◆ What needs to be done: Below are some records. Retype exactly the lines from the one containing "Hi friends, this" through the one containing "You can connect", both included, skipping every picture.

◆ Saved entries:

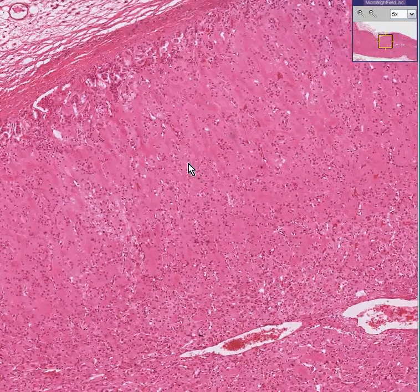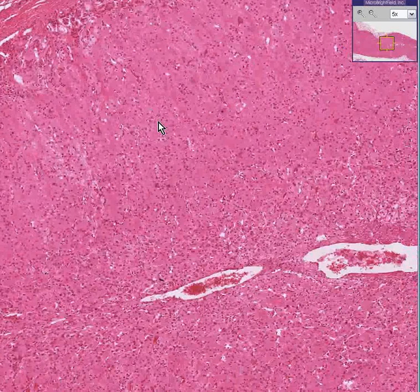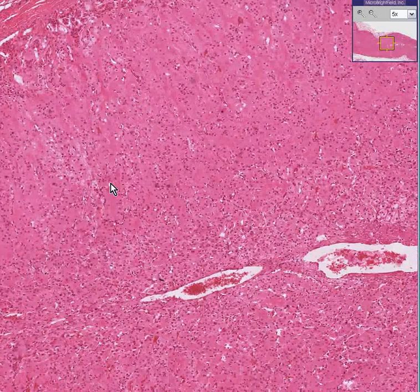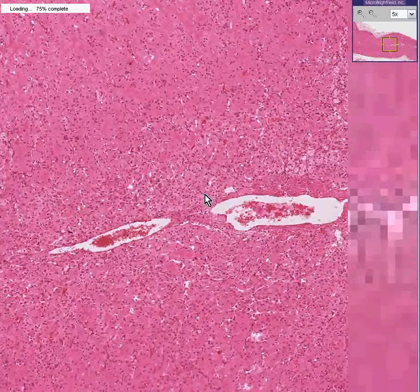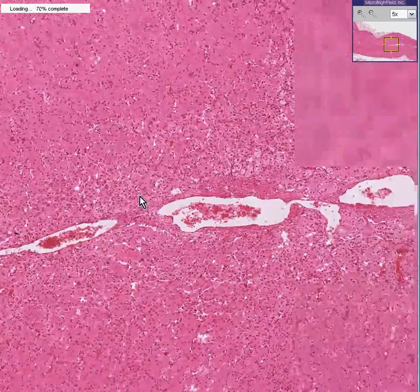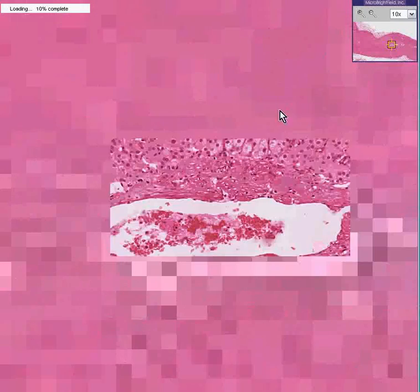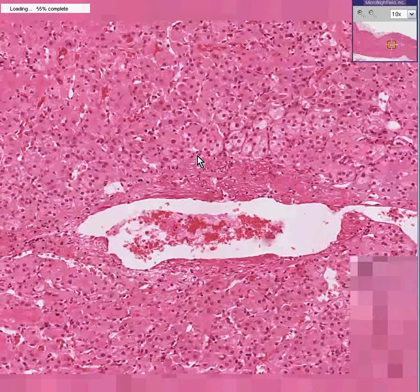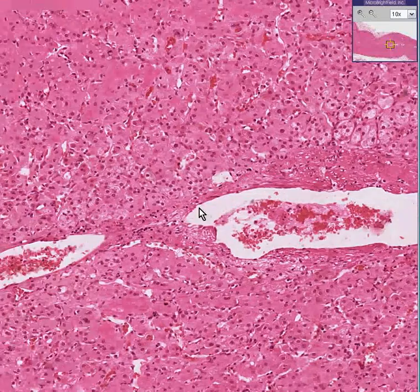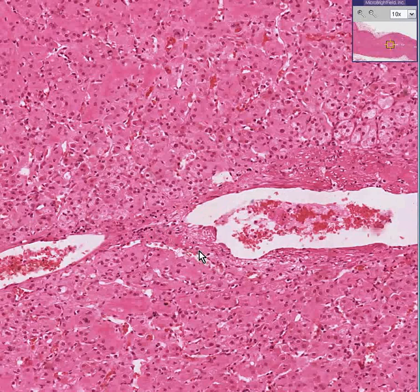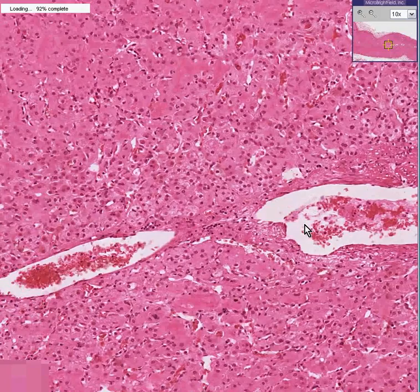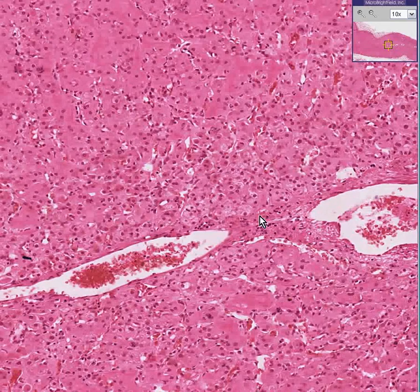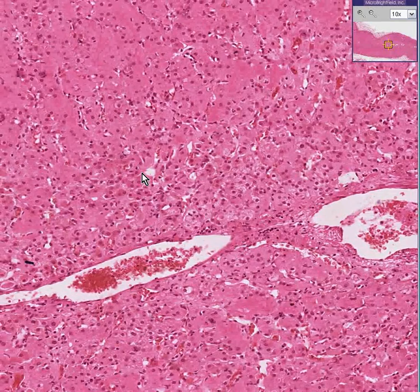Differentiation between the three layers is not always the easiest. In this case, it's not as easy to differentiate medullary tissue from cortical tissue. But when you get into these large veins lined by thick amounts of smooth muscle, that's the medulla.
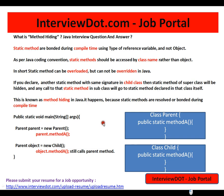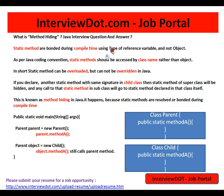Hi friends, this video is from interview.com, a job portal. In this video I'm going to talk about what is method hiding, under the basic Java interview questions. Static methods are bounded during compile time using the type of reference variables and not to the object. Static methods are attached to the class and not to any object. As per Java coding convention, static methods should be accessed by class name rather than the object.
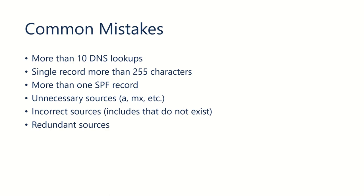Or redundant sources. So, having things like maybe an include and an IP address listed that point to the same server, for example.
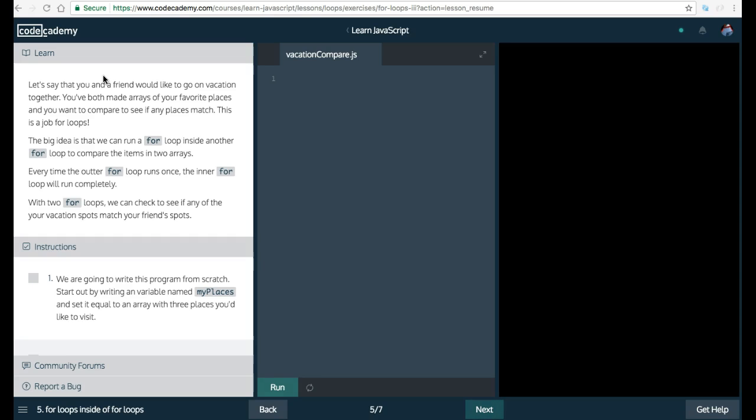Welcome back to Learn JavaScript on Codecademy. We're in the Loops section. This is Lesson 5, For Loops inside of For Loops.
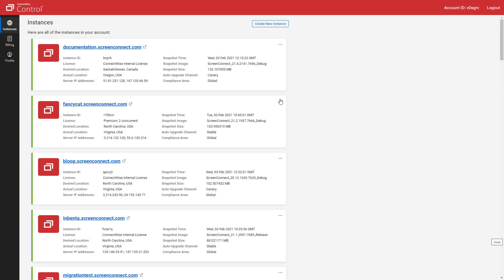First, log into your cloud management portal at cloud.screenconnect.com.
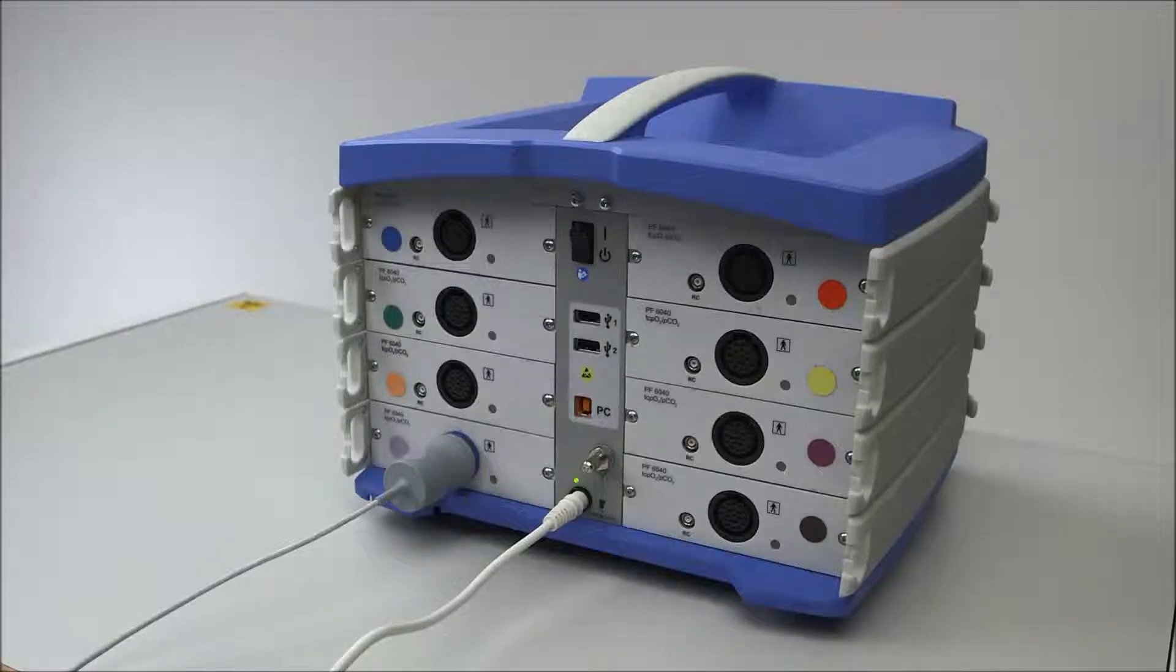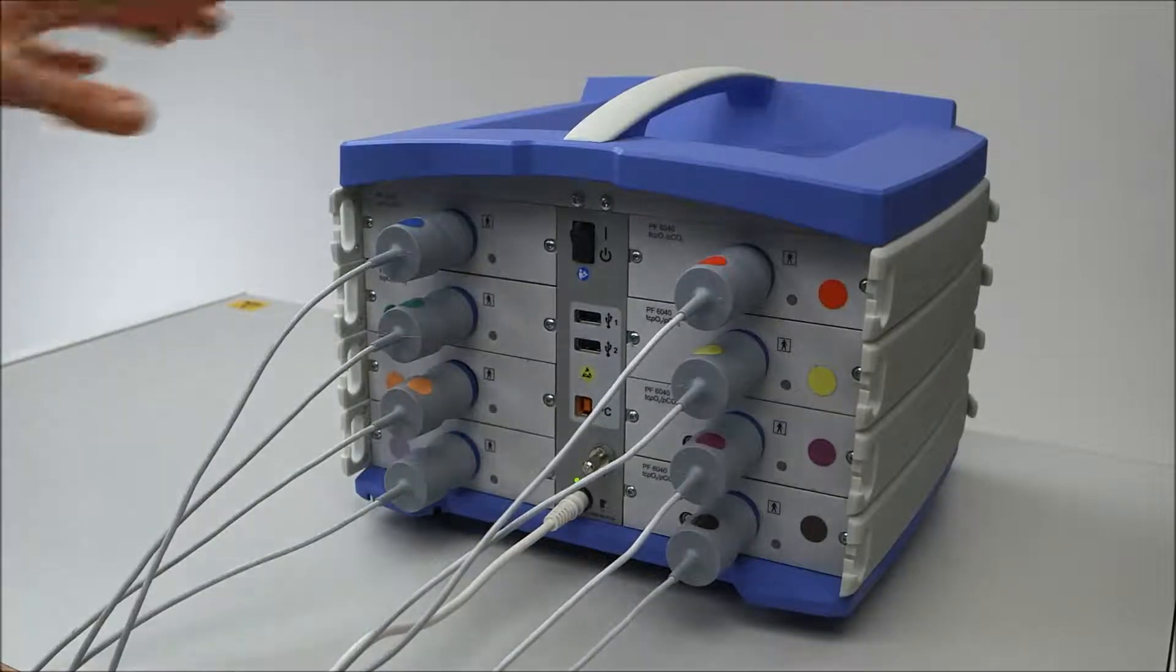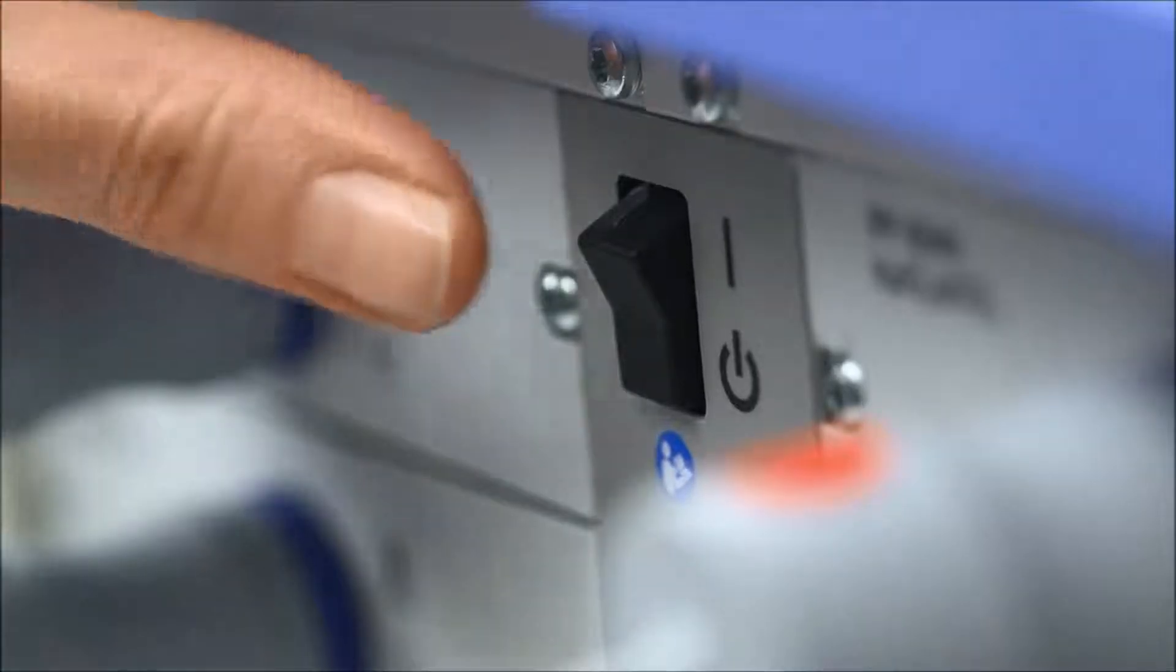You can connect up to 8 electrodes to the system. Power up the unit by pressing the switch at the back.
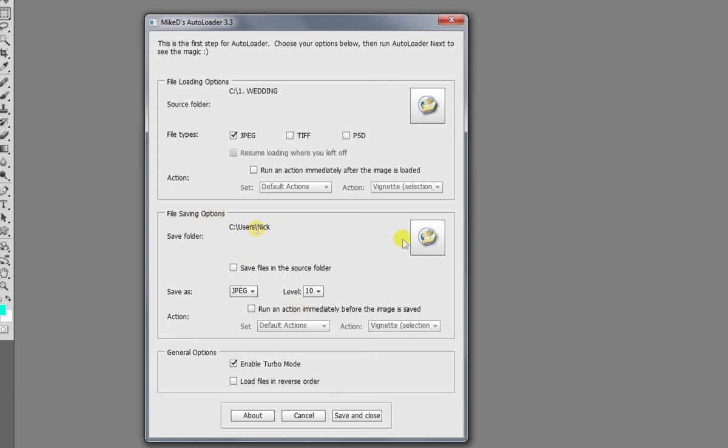But the file saving options, you can either choose another folder altogether or just save the files in the source folder. So we're going to click that and we're going to save the files and overwrite the old JPEGs just for this example, but a lot of the time you may want to save them to a different folder.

◆ Problem solution:
Hi friends, this video is from interview.com, a job portal. In this video I'm going to talk about what is method hiding, under the basic Java interview questions. Static methods are bounded during compile time using the type of reference variables and not to the object. Static methods are attached to the class and not to any object. As per Java coding convention, static methods should be accessed by class name rather than the object.
Or redundant sources. So, having things like maybe an include and an IP address listed that point to the same server, for example.
Welcome back to Learn JavaScript on Codecademy. We're in the Loops section. This is Lesson 5, For Loops inside of For Loops.
First, log into your cloud management portal at cloud.screenconnect.com.
You can connect up to 8 electrodes to the system. Power up the unit by pressing the switch at the back.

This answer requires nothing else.